Continuing bold, formal innovations and deepening the use of poetic prose, Krauss’s next novel, Great House, counterintuitively features as its main character and as the thread that ties seemingly disparate stories together, a great desk. The wooden desk boasts no less than nineteen drawers, of varying sizes, which one of the narrators understands as signifying a “kind of guiding if mysterious order in my life.” Each of the characters connects to the desk in different ways. It was given to the first narrator, Nadia, by a Chilean poet, Daniel Varsky, who was disappeared as a dissident. Before returning to Chile he had loaned it to the writer who writes seven novels on its mysterious surface before it is given to a child Daniel never knew he had. As was the case in History of Love, the Holocaust is a major force in Great House. Some of the characters are survivors or children of survivors (Krauss is the grandchild of survivors) and the traumatic legacy becomes embedded in the desk itself. Great House also revolves around Israel in ways that will anticipate the major focus on and setting in Israel in Krauss’s most recent novel, Forest Dark. When one of the characters in Great House, Arthur, speculates that the “feeling Jews have when they get off the plane in Israel” is “relief of at last being surrounded on all sides by your own kind—the relief and the horror,” he indicates a split consciousness among some Jews of the interface with Israel.

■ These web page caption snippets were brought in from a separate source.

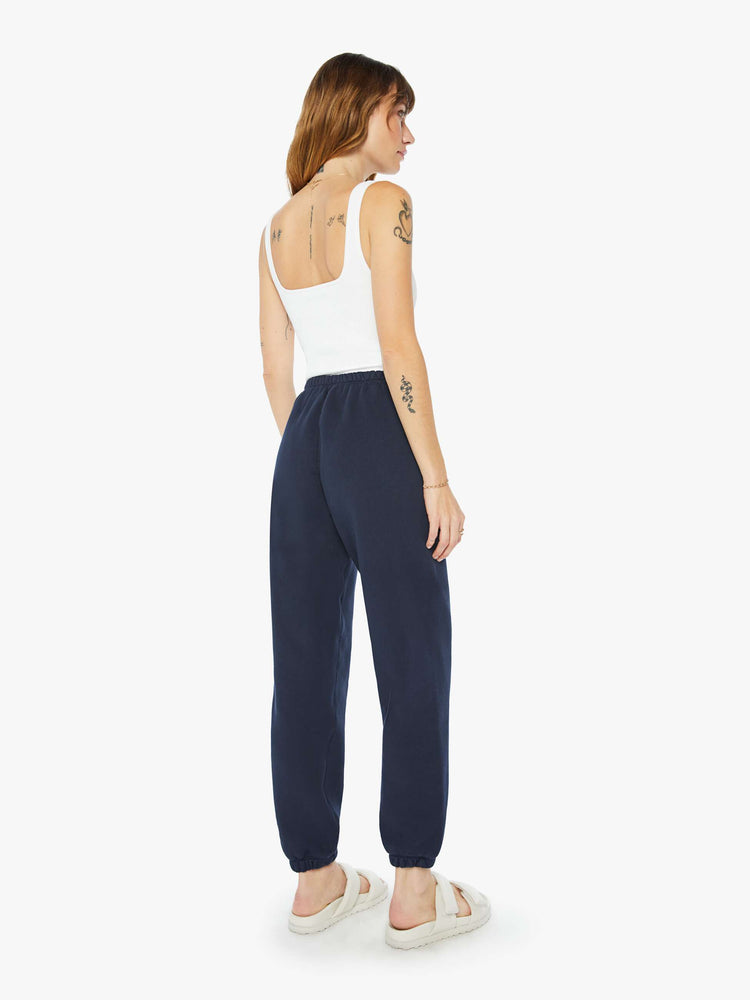 Back view of a woman navy with a white heart on the hip sweatpants with an elastic waist and cuffs for a loose, comfortable fit.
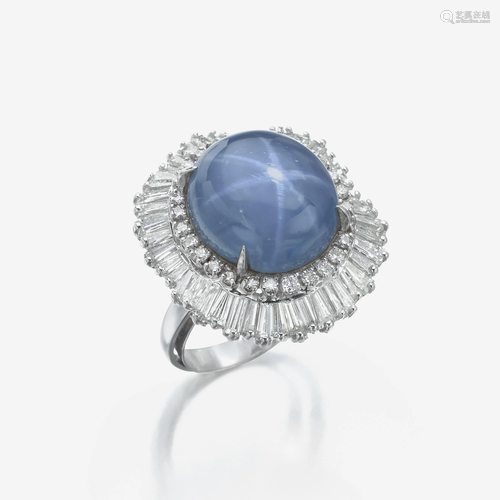 A star sapphire, diamond, and platinum ring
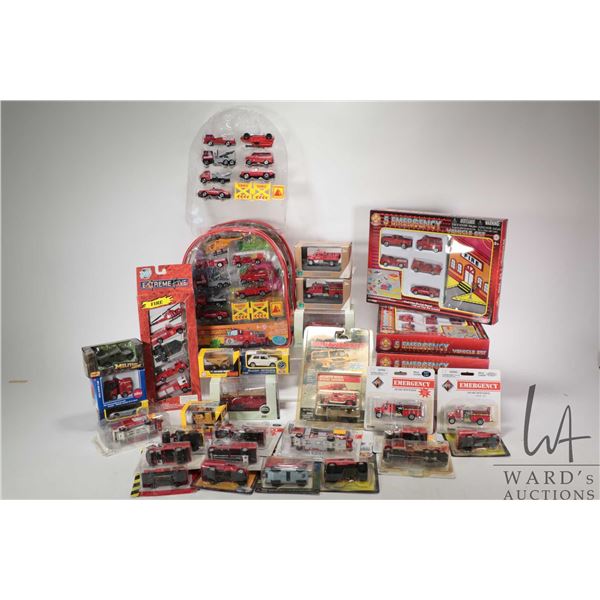 Large selection of new in box die-cast cars and trucks, various scales and makers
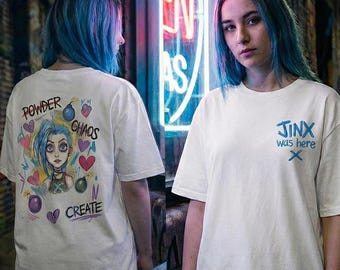 May include: White t-shirt with a cartoon illustration on the back of a blue-haired character, with the words "POWDER CHAOS CREATE". The front of the shirt has the text "JINX was here" in blue.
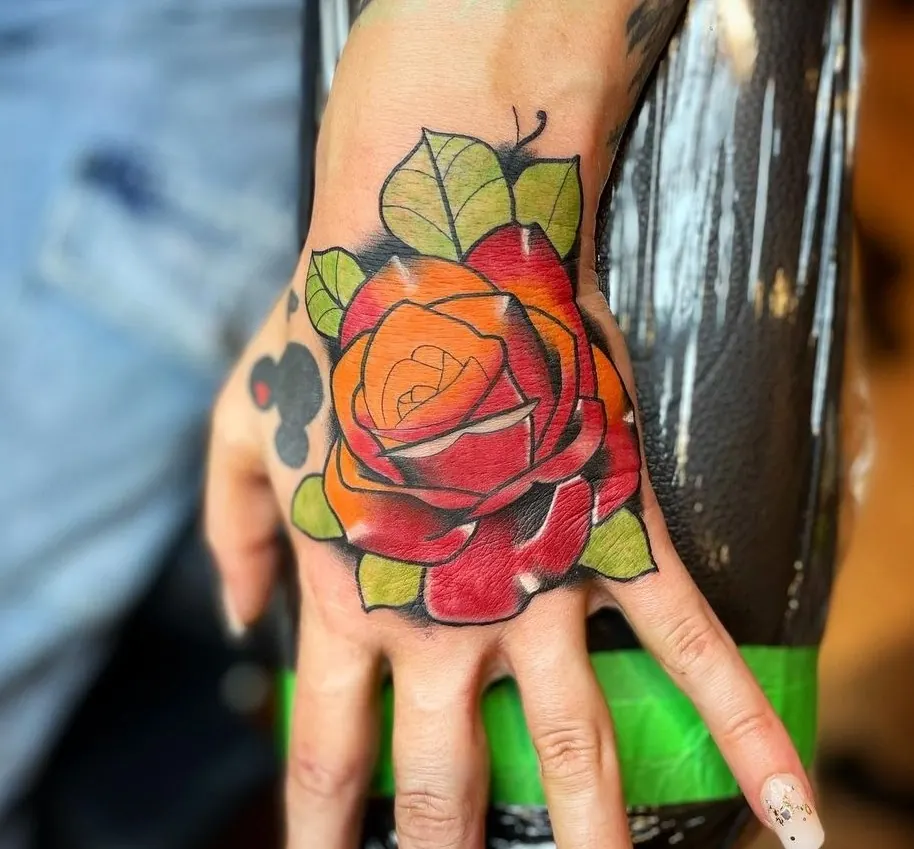 Colourful rose tattoo on a hand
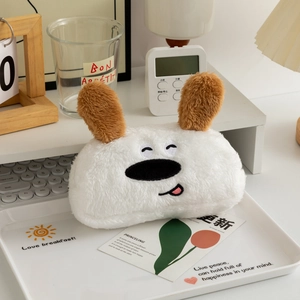 Detailed plush texture of a white cartoon dog pencil case with soft brown ears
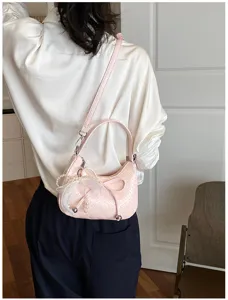 Pink woven crescent shoulder bag with pearl bow, chic fashion elegant armpit handbag for women.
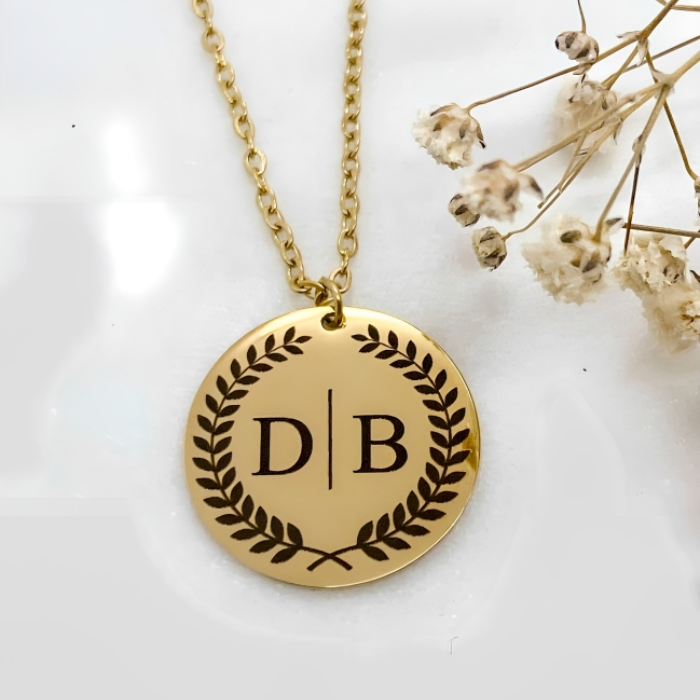 pendant in shape of circle with chain it is gold plated and has two initials marked on it 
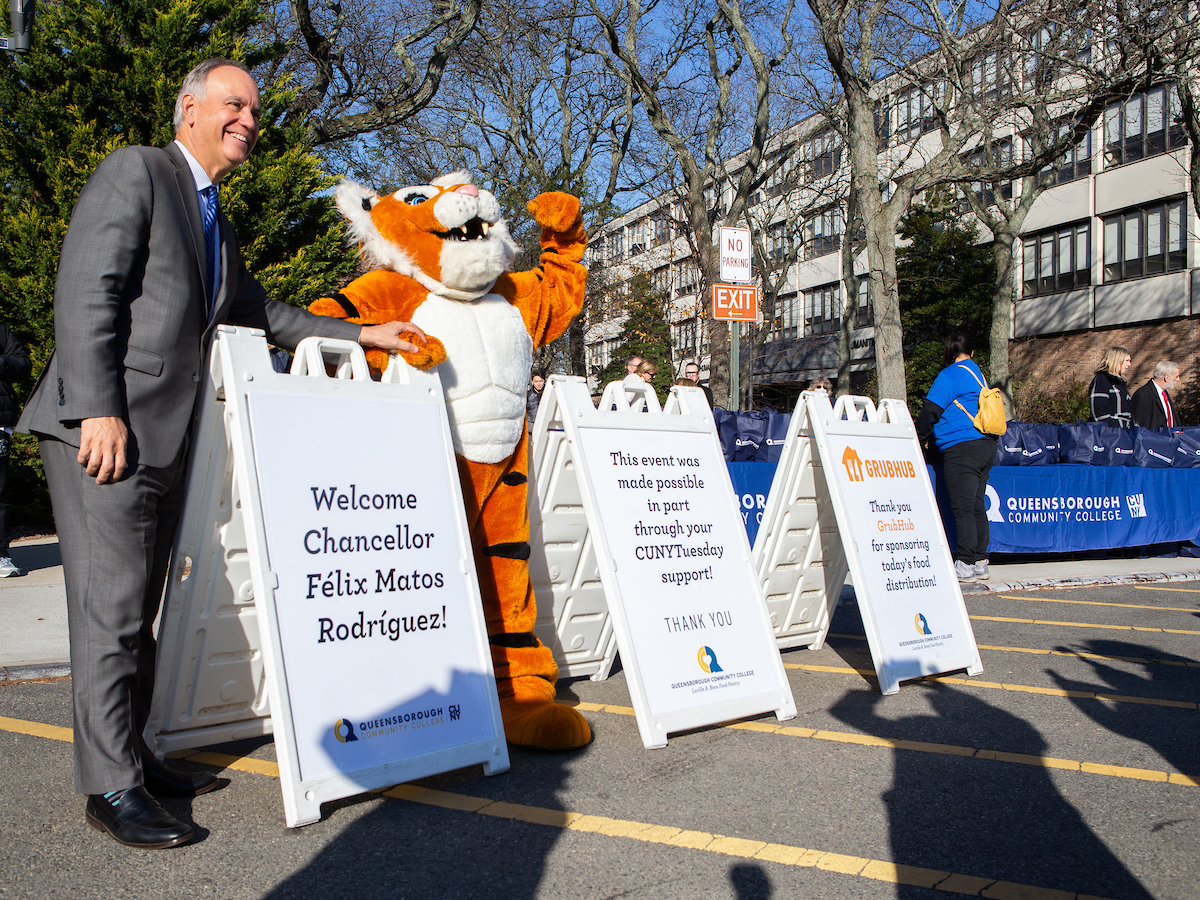 Chencellor Felix at the Food pantry distribution with mascot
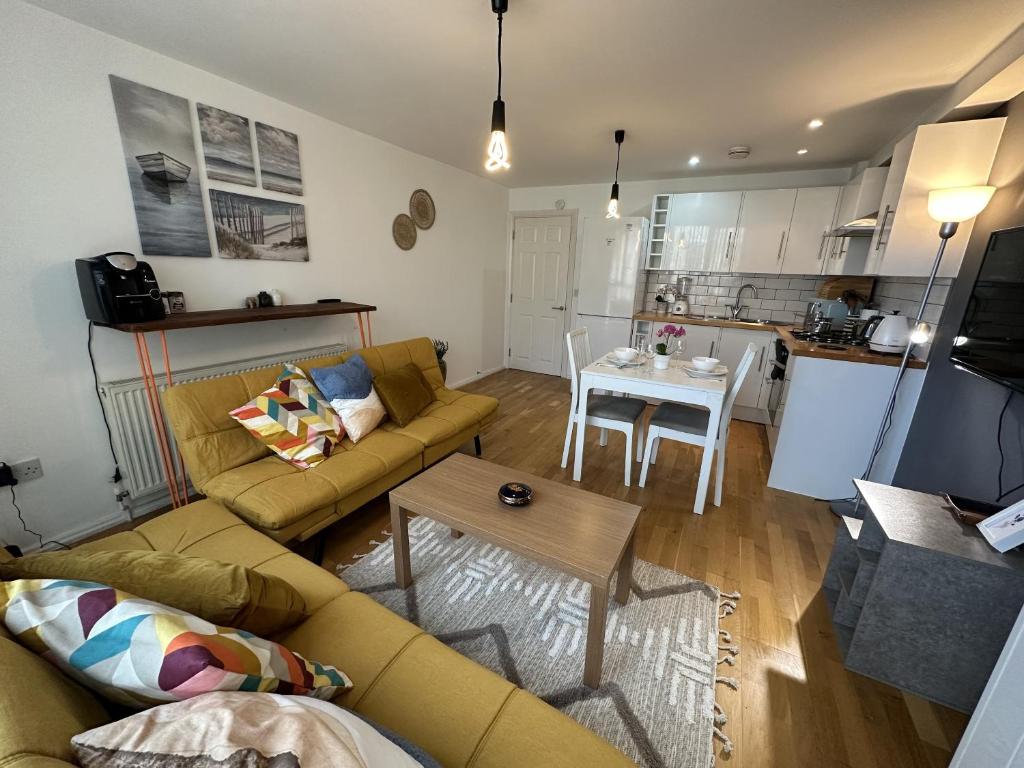 a living room with a couch and a table at Stoke Newington Deluxe Flat in London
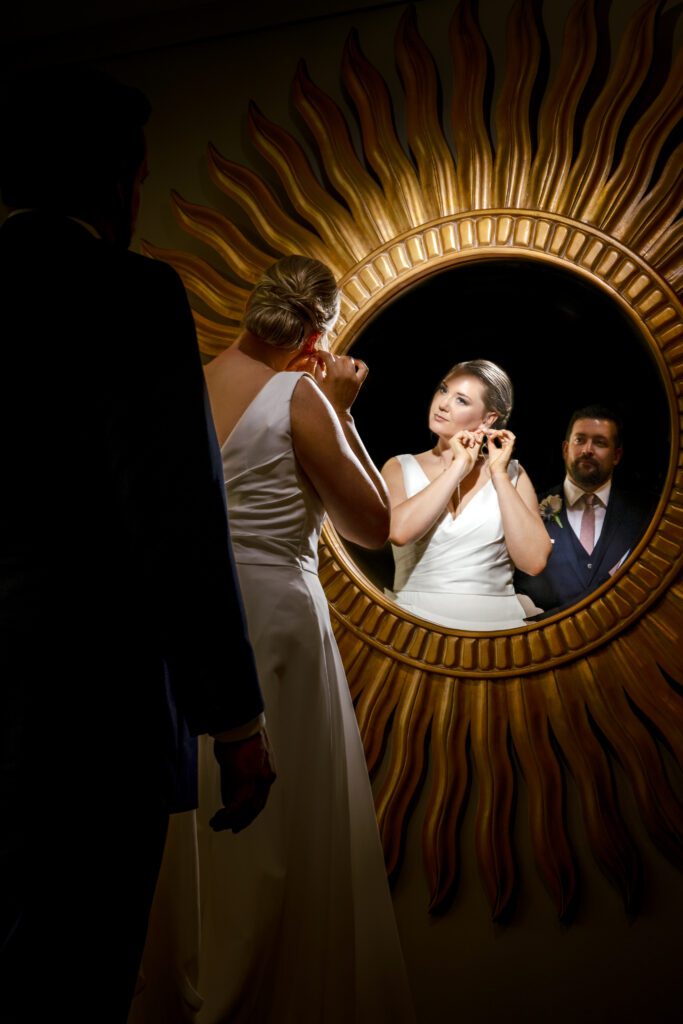 Bride Adjusts earring while looking into gold circle mirror with groom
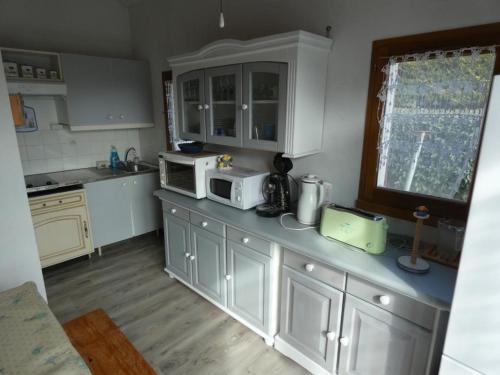 La cuisine est équipée de placards blancs et d'un four micro-ondes blanc. dans l'établissement Maison 30m² avec piscine, terrasse, vélos, proche plage - Notre-Dame-de-Monts - FR-1-540-186, à Notre-Dame-de-Monts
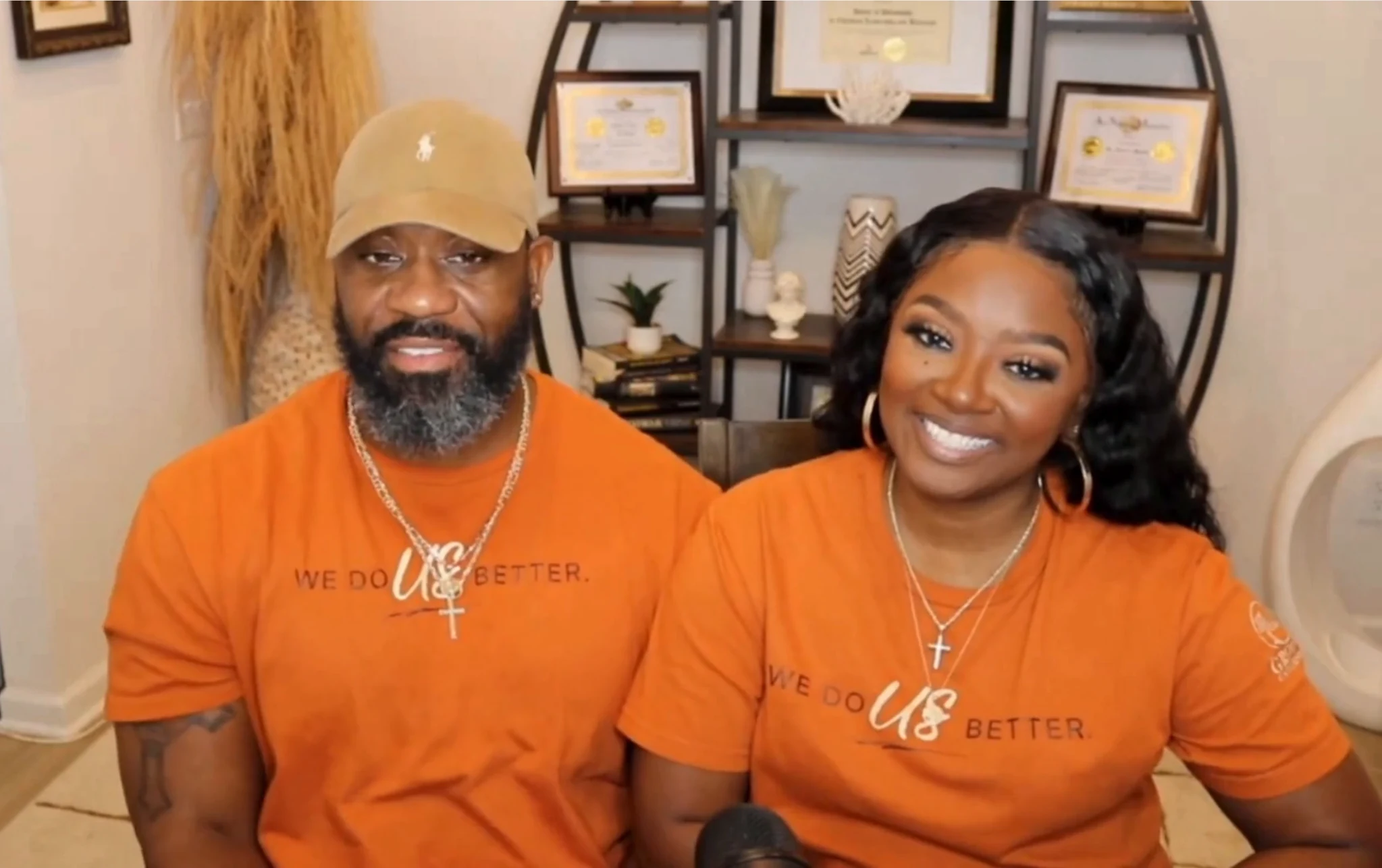 Two people wearing matching orange We Do Us Better shirts
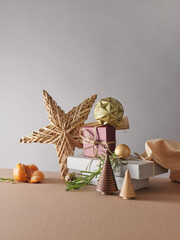 Creative still life with holiday decorations and gifts. Neutral background, copy space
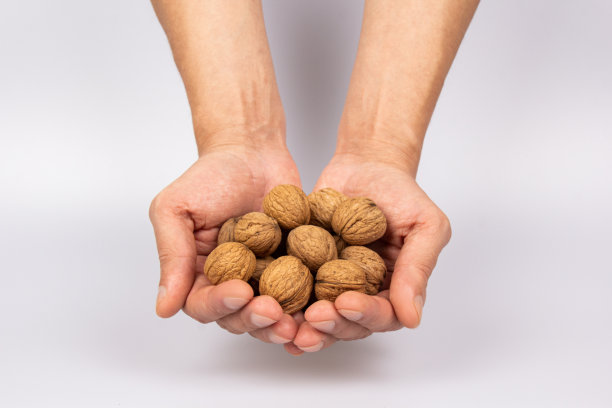 灰色背景上，两只男性手拿着核桃。收获的概念。俯视图特写。图片下载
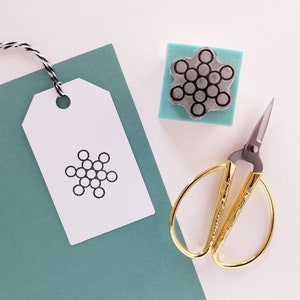 Op de afbeelding: Een wit cadeau-etiket met een zwart sneeuwvlokkenontwerp, een kleine houten stempel met een sneeuwvlokkenontwerp, een gouden schaar en een tealblauwe achtergrond.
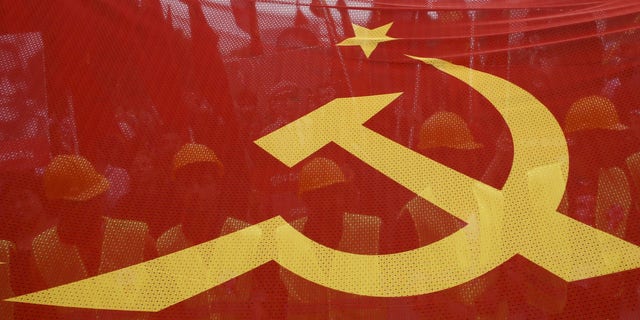 FILE - -People walk behind a red banner with hammer and sickle symbols during a May Day rally on May 1, 2016 in Istanbul, Turkey.
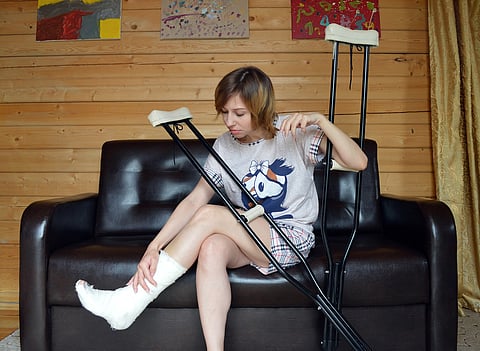 A woman seated on a couch, crutches leaning against her, and looking pensive.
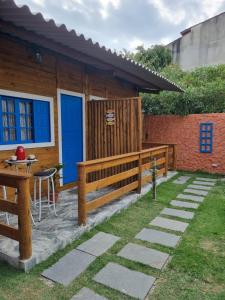 a wooden house with a blue door and a table at Cedro Rosa in Guarapari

In Forest Dark, the narrative fluctuates between diverse characters who do not necessarily intersect. As was the case with History of Love, the alternation here is also between a young woman (in History she is really a girl) and an elderly man. Forest Dark, as are many other recent Jewish American texts, is set in Israel. These other novels set all or partially in Israel include Jonathan Safran Foer’s Here I Am (2016), Nathan Englander’s What We Talk About When We Talk About Anne Frank (2012) and Dinner at the Center of the Earth (2017), David Bezmozgis’s The Betrayers (2014), and Joshua Cohen’s Moving Kings (2017). While Israel is a natural topic for Jewish-American fiction and has appeared in classics such as Philip Roth’s Portnoy’s Complaint (1969) and Operation Shylock (1993) among others, it is striking that so many recent texts find their characters there. The writer within Krauss’s Forest Dark, who is also called Nicole, turns to Israel and the Tel Aviv Hilton specifically as a place to settle her existential crisis and her feeling of “being in two places at once,” her sense of disaffection and ennui as she gazes out of the window in Brooklyn only to dream of gazing out of the impossible windows of the Tel Aviv Hilton. The Hilton rises above the sea but blocks its views and could be seen as a solid bulwark in stark contrast to the narrator’s failing marriage which she describes as a “sea in which I had begun to sense that every boat I tried to sail would eventually go under.” Escaping this sinking ship, Nicole decamps to Israel only to be sucked into a curious vortex involving Kafka’s unpublished manuscripts, wallowing in a cat-laden house in Tel Aviv. Jewish history and the history of Jewish literature threaten to take over Nicole’s life and being before she re-emerges from the sinking ship to return to Brooklyn. The other major character, Epstein, as we know from the first page, never returns from Israel and is lost in the desert in the guise of King David. Forest Dark opens with these lines: “At the time of his disappearance, Epstein had been living in Tel Aviv for three months.”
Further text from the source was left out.